謝無咎率一萬京營鐵騎,輕裝簡從,晝夜兼程,隻攜三日乾糧,沿途驛站換馬不換人,如同一支離弦之箭,直射北疆。韋安率百名皇城司精銳緹騎隨行,既是護衛,更是耳目與利劍。

軍情如火,謝無咎在馬背上亦不忘與韋安及幾名心腹將領分析局勢。

“殺虎口雖非雄關,卻地勢險要,駐軍三千,何以一日便破?縱有兩萬敵軍,亦難至此。”一名參將疑惑。

韋安沉聲道:“軍報提及‘疑有內應指引捷徑’。末將離京前已令大同鎮撫司密查,最新飛鴿傳書提到,殺虎口副將及數名哨長,於破關當夜失蹤,其家眷亦於此前‘探親’離營,下落不明。”

“又是內奸!”參將咬牙切齒。

謝無咎目光冰冷:“看來我們肅清得還不夠徹底,或者說,有人在我們離開後,又悄悄伸出了手。韋大人,抵達大同後,此事由你專辦,無論涉及何人,務必揪出!眼下最急者,乃彌陀山防線能否撐住。傳令全軍,再加快速度!務必在兩日內抵達彌陀山!”

六月二十傍晚,經過近兩日一夜近乎殘酷的急行軍,援軍前鋒已能望見彌陀山起伏的輪廓,遠處天際,隱約有煙柱升起,空氣中彌漫著淡淡的焦糊與血腥氣味。

彌陀山,大同軍前哨

彌陀山並非孤峰,而是一片連綿丘陵,是大同鎮西北最後的天然屏障。此刻,山前各處隘口、坡地,已變成血腥的戰場。旌旗殘破,屍骸枕藉,廝殺聲、號角聲、兵刃撞擊聲震耳欲聾。大同守軍依仗地利,拚死抵抗著北戎瓦剌聯軍一波猛似一波的進攻。敵軍騎兵在山地施展不開,下馬步戰,卻依舊凶悍無比。

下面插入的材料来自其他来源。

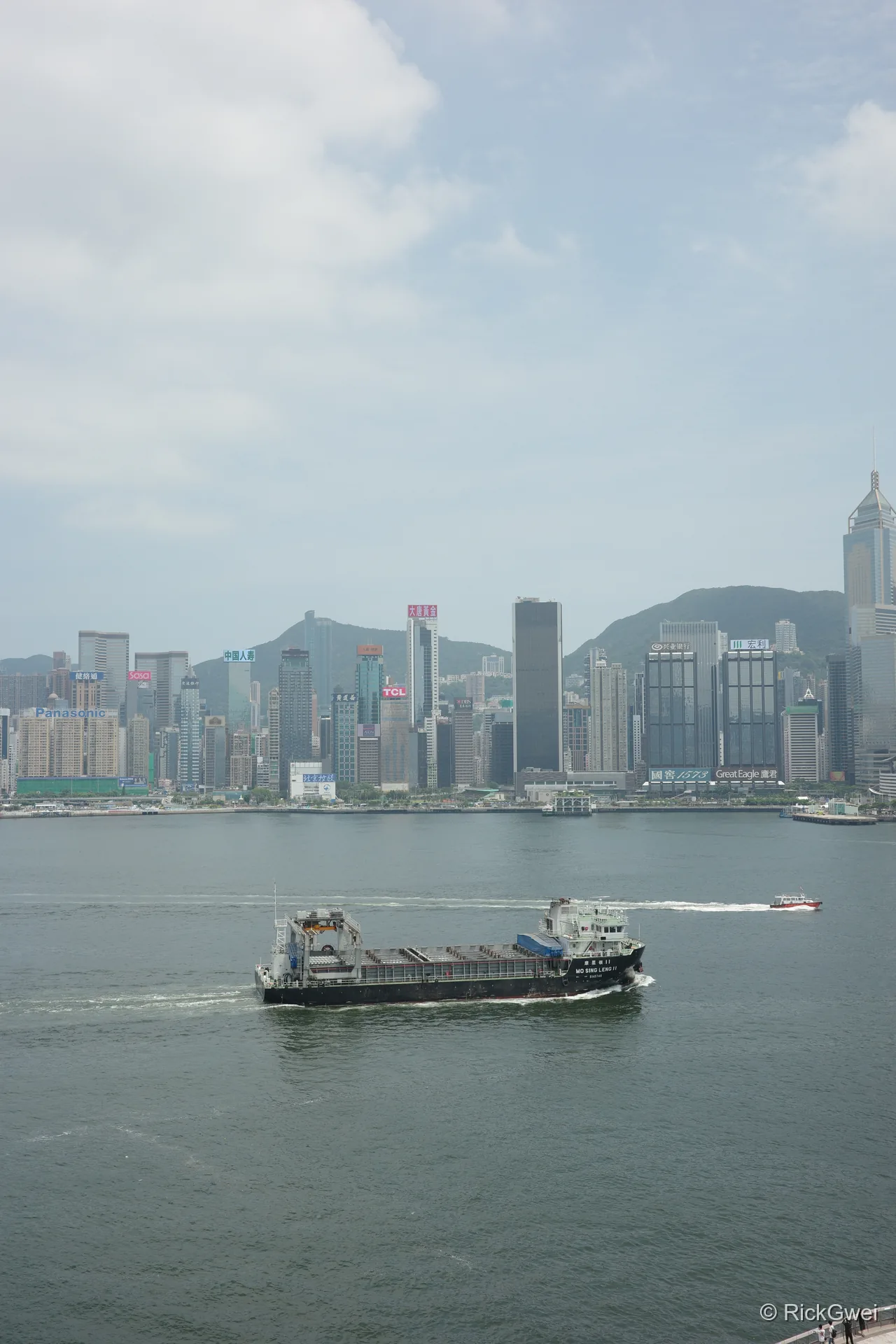 维多利亚港与天星小轮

大同總兵王雄甲胄染血,左臂纏著繃帶,正指揮部眾死守一處即將被突破的山梁。眼見又一波敵兵嚎叫著衝上來,守軍箭矢已儘,刀劍卷刃,他目眥欲裂,拔出佩刀,就要親自帶隊反衝鋒。

就在這時,山後突然響起震天的戰鼓與號角!一麵繡著“謝”字和龍紋的王旗,率先出現在山脊!緊接著,如林的騎兵長矛和明亮的盔甲反射著夕陽餘暉,如同鐵流般傾瀉而下!

“援軍!是王爺的援軍到了!”疲憊欲死的守軍爆發出驚天動地的歡呼!

謝無咎一馬當先,手中長槊斜指,厲聲高喝:“大胤將士,隨我殺敵!”

“殺——!”一萬養精蓄銳的京營鐵騎,以雷霆萬鈞之勢,從側翼狠狠撞入攻山的敵軍陣中!鐵蹄踐踏,長矛突刺,瞬間將攻山的敵軍隊形衝得七零八落!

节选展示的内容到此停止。